If reports that several private equity firms have retained counsel to look into anti-trust issues related to the ILPA guidelines are true, it would seem that GPs are trying to pull the pendulum back in their direction.
Since the Institutional Limited Partners Association guidelines on private equity fund terms and conditions were announced last year, many GPs have privately discussed the various ways they have dealt with demands from their LPs for improved terms and conditions. But while most of these approaches have involved trying to figure out the least painful way to appease their investors, a recent report suggests some firms are going on the offensive.
The Wall Street Journal reported this week at least three unnamed private equity firms have retained outside counsel to examine potential anti-trust issues related to the ILPA guidelines, which among other things call for smaller management fees and European-style waterfall distributions. It was confirmed that one of these firms has hired Boies, Schiller & Flexner to look into a possible anti-trust issues involving LPs banding together to force firms to meet their demands.
The firm's founder, David Boies, is involved in another high-profile private equity case, representing Terra Firma Capital Partners in a lawsuit against Citi.
Whether the LP collusion argument has legs is uncertain, but the presence of Boies' firm adds weight to the case. Boies has previously served as special counsel for the Justice Department in its successful suit against Microsoft. And as one Florida lawyer told sister publication Private Equity Online in December, if “Boies is on the other side, you better tell your other lawyers to quit the bar and get to work”.
Reportedly, the three GPs are concerned about discussions between two of ILPA’s biggest members – the California State Teachers’ Retirement System (CalSTRS) and California Public Employees’ Retirement System (CalPERS) – about whether to insist private equity firms agree to the guidelines. A CalPERS spokesman had explained the pension was “collaborating” with other investors to get a better alignment of interests with their private equity partners. GPs now want to find out if collaborating is tantamount to colluding.

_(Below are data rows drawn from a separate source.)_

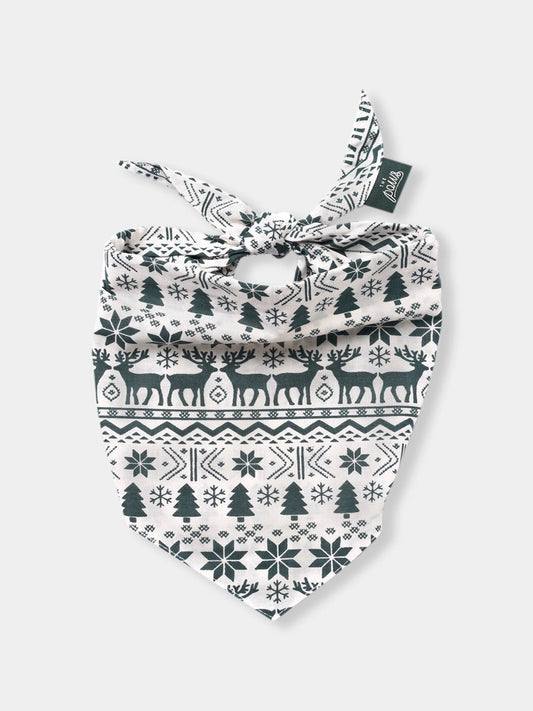 Bandana d'Hiver pour chien - Hygge - The Paws
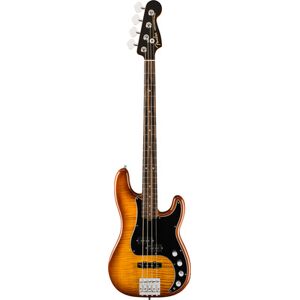 Fender LTD AM ULTRA PBass EBY TGR Tiger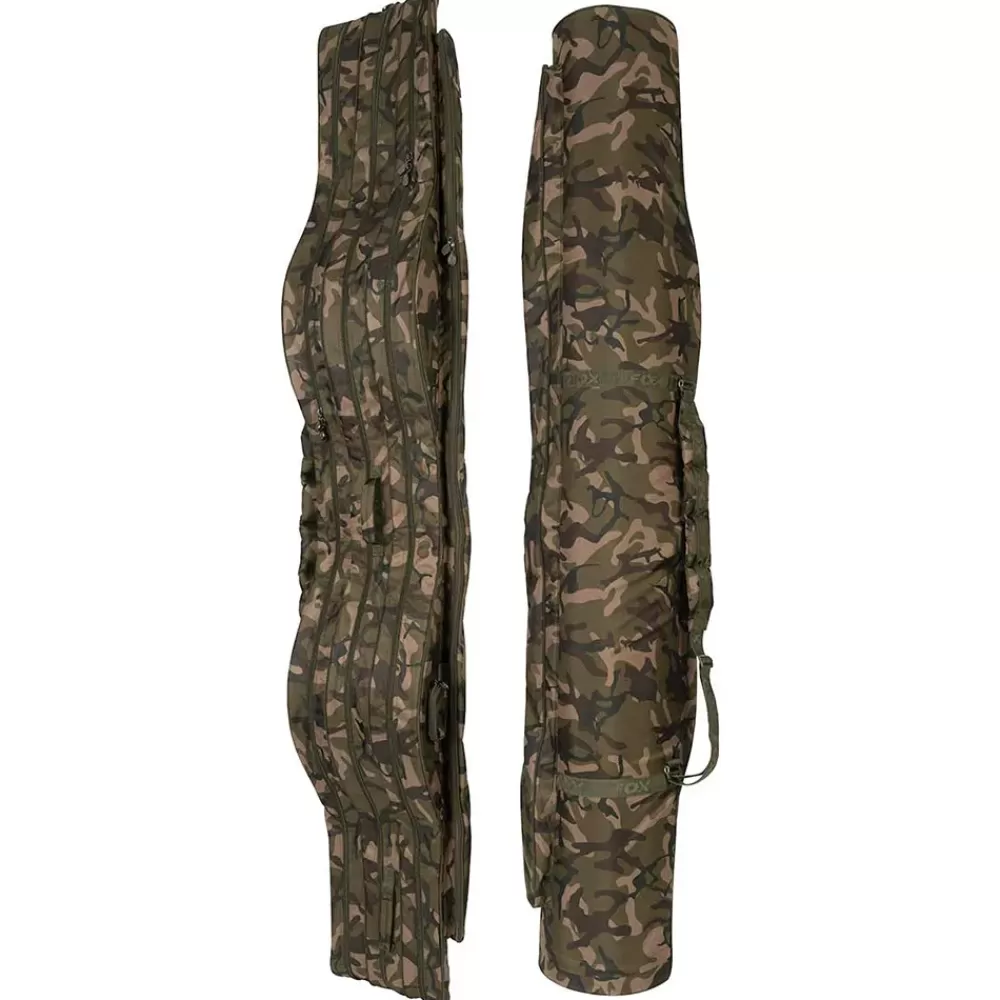 Fox Camolite 6 Rod Hardcase- Luggage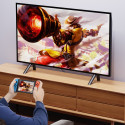 Orico H4CY HDMI 2.0 4K kabel 1 m – černý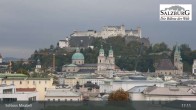 Archiv Foto Webcam Salzburg: Schloss Mirabell 16:00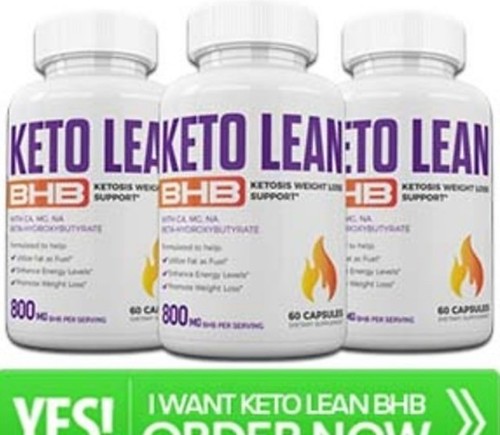 Keto Lean BHB - Lose Weight Easily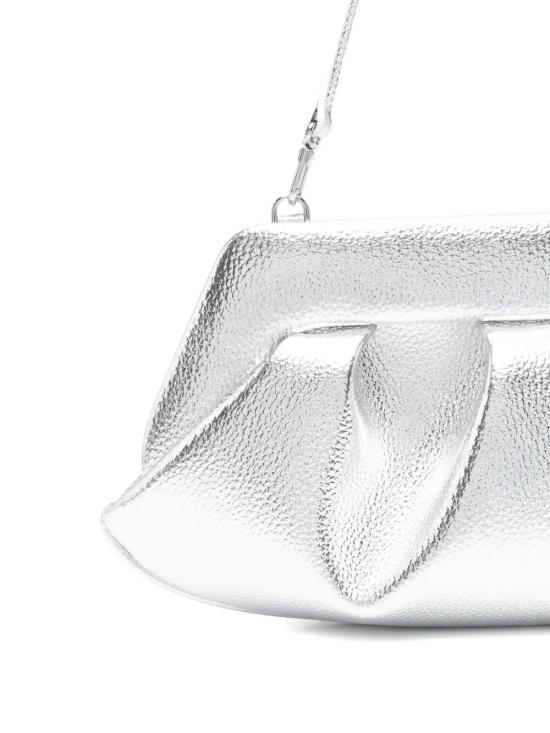 26SS 더모아레 숄더백 261WTMBB0 OOBL 0018A SILVER - THEMOIRE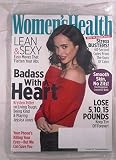 Women's Health Magazine (November, 2017) Krysten Ritter Cover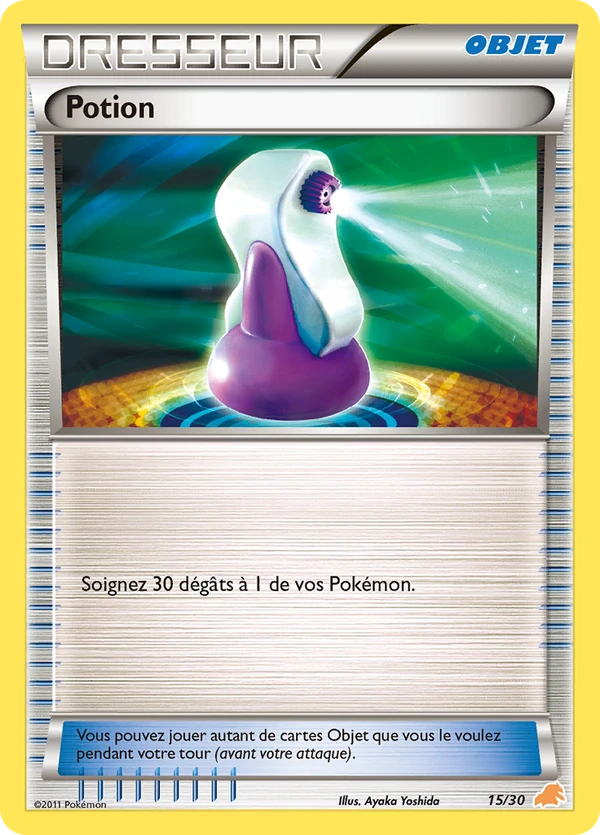 Potion TK5E 15/30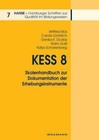 KESS 8 - Skalenhandbuch zur Dokumentation der Erhebungsinstrumente von Wilfried Bos, Denisa-F. Dudas, Karin Guill, Katja Scharenberg und Carola Gröhlich (2011, Taschenbuch)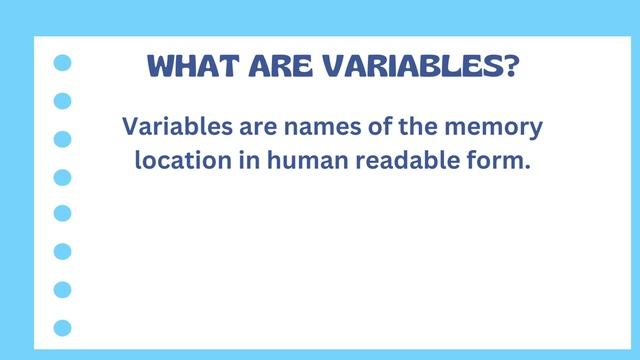 Data Types and Variables in Java: Understanding Strict Typing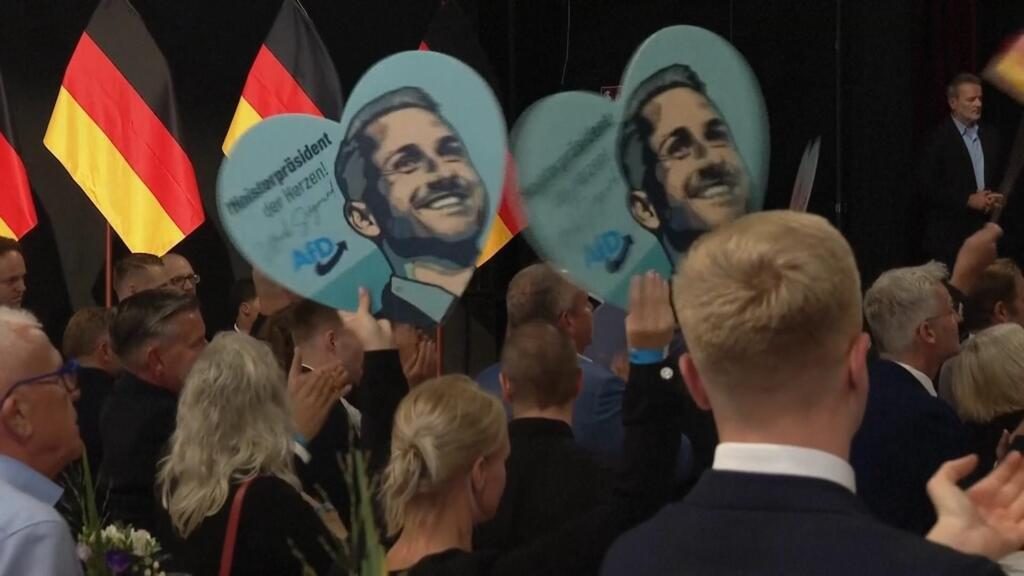 En Saxe-Anhalt, la victoire de l’Afd s’appuie sur une économie à la peine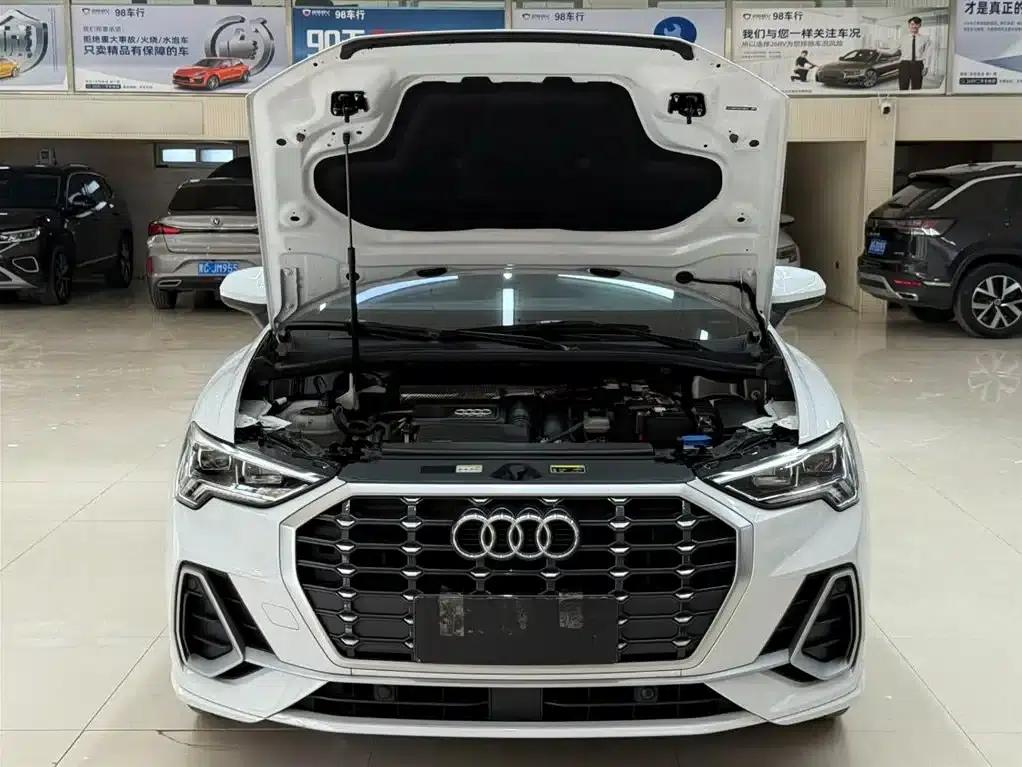 Audi Q3 2023 35 TFSI Fashion Dynamic (1.4T) — миниатюра 7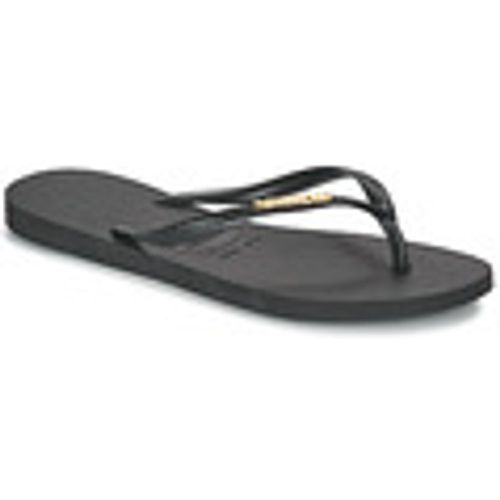 Infradito SLIM LOGO METALLIC - Havaianas - Modalova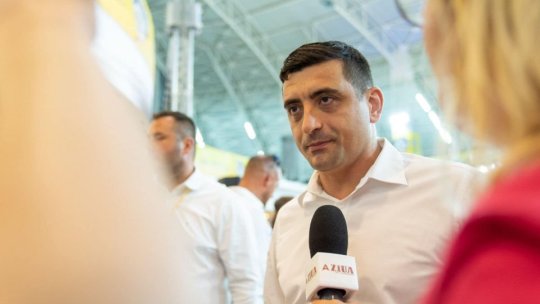 George Simion a vorbit despre procedura de suspendare a președintelui Klaus Iohannis: ”Vom încerca să inițiem procedura de suspendare a lui Klaus Iohannis”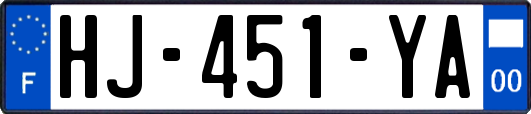 HJ-451-YA
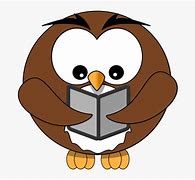 Image result for Animal Reading Clip Art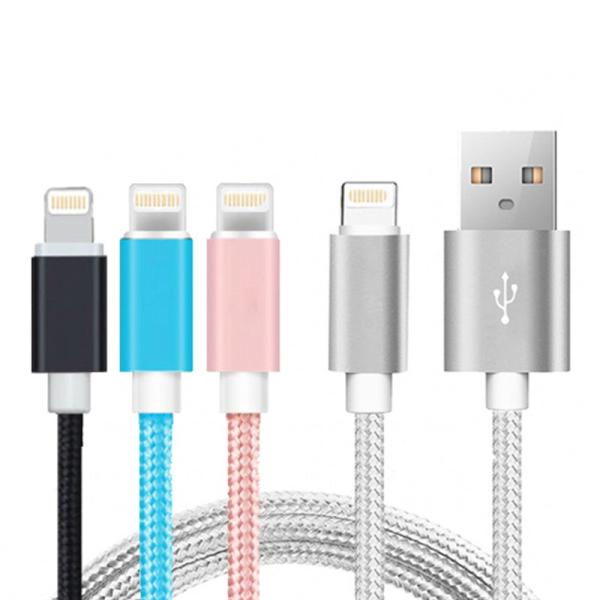Iphone Lightning Oplader 1 meter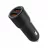 Aвтомобильное зарядное устройство GEMBIRD Car Charger Gembird 2-port USB car fast charger, QC3.0, 36 W, black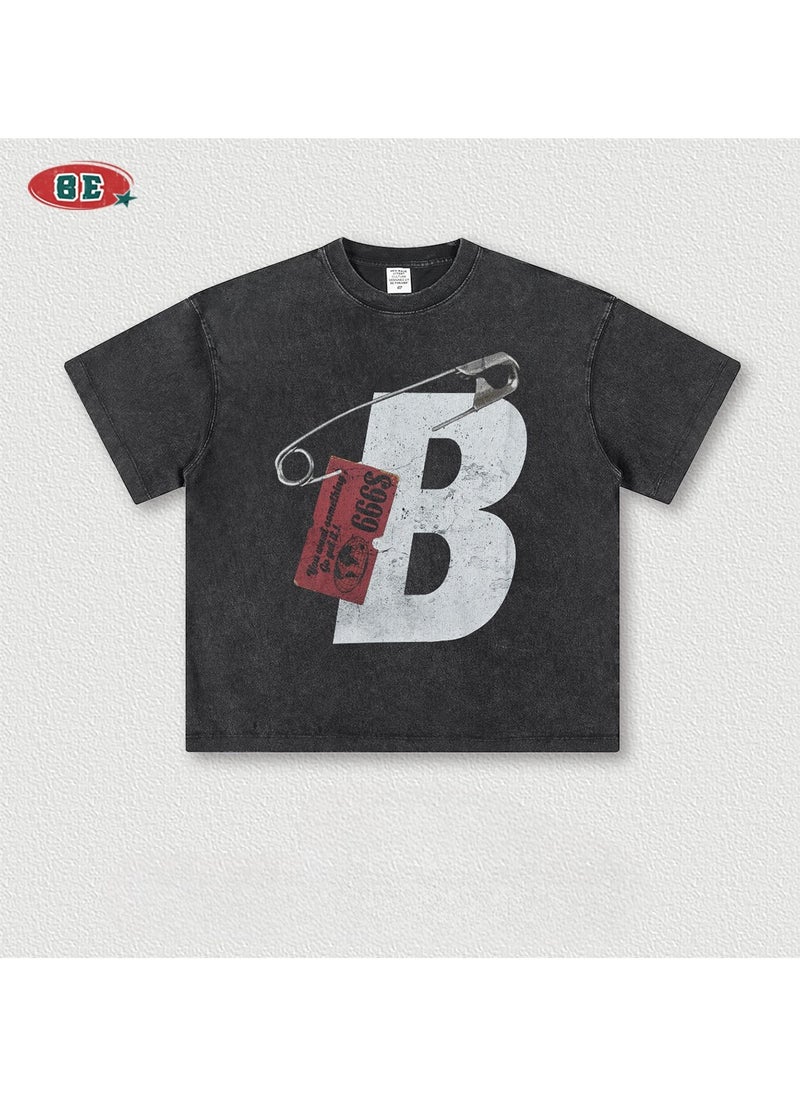 New BE Fashion Trendy Brand T-shirt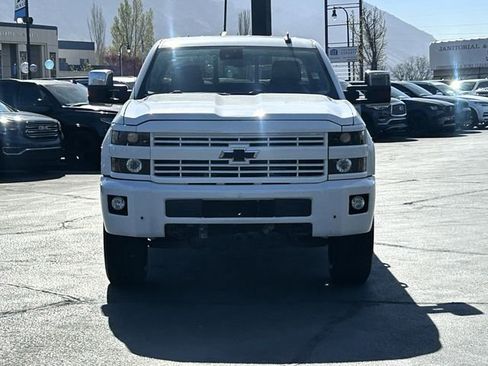 Used 2016 Chevrolet Silverado 2500 LTZ w/ LTZ Plus Package AWD/4WD image 11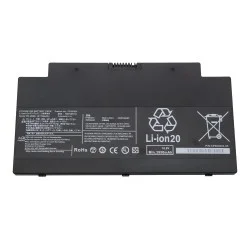 BATERÍA PARA FUJITSU LIFEBOOKE A556 AH77 | FPB0307S 45WH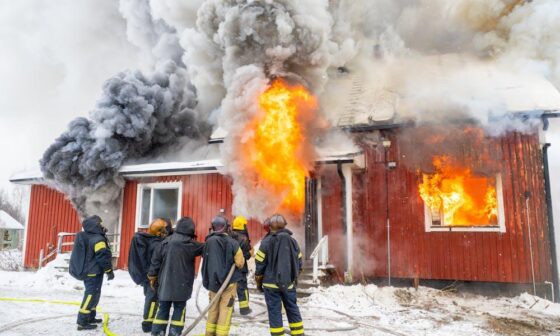 What to Do Immediately After a House Fire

The collusion charge is not entirely unexpected. One GP predicted at a PEI Media forum in January collaboration between LPs would bring up ant-trust concerns. However, while this argument has been made privately, no GP has yet publicly stood up and accused its limited partners of anti-competitive behaviour.
The idea that a GP would actually sue its own clients does seem a bit of a stretch, especially in this tough fundraising climate. One placement agent mused that the GPs could simply be hiring counsel – and allowing that information to reach the press – in order to “put the fear of God in their LPs”. He also said he suspected few courts would be sympathetic to the GPs' case, as the balance of power in the GP-LP relationship has historically tilted overwhelmingly in the GP's favour.
Even so, the recent news shows at least a few firms are considering fighting back against ILPA. Whether it’s a fight worth waging is something they’ll have decide.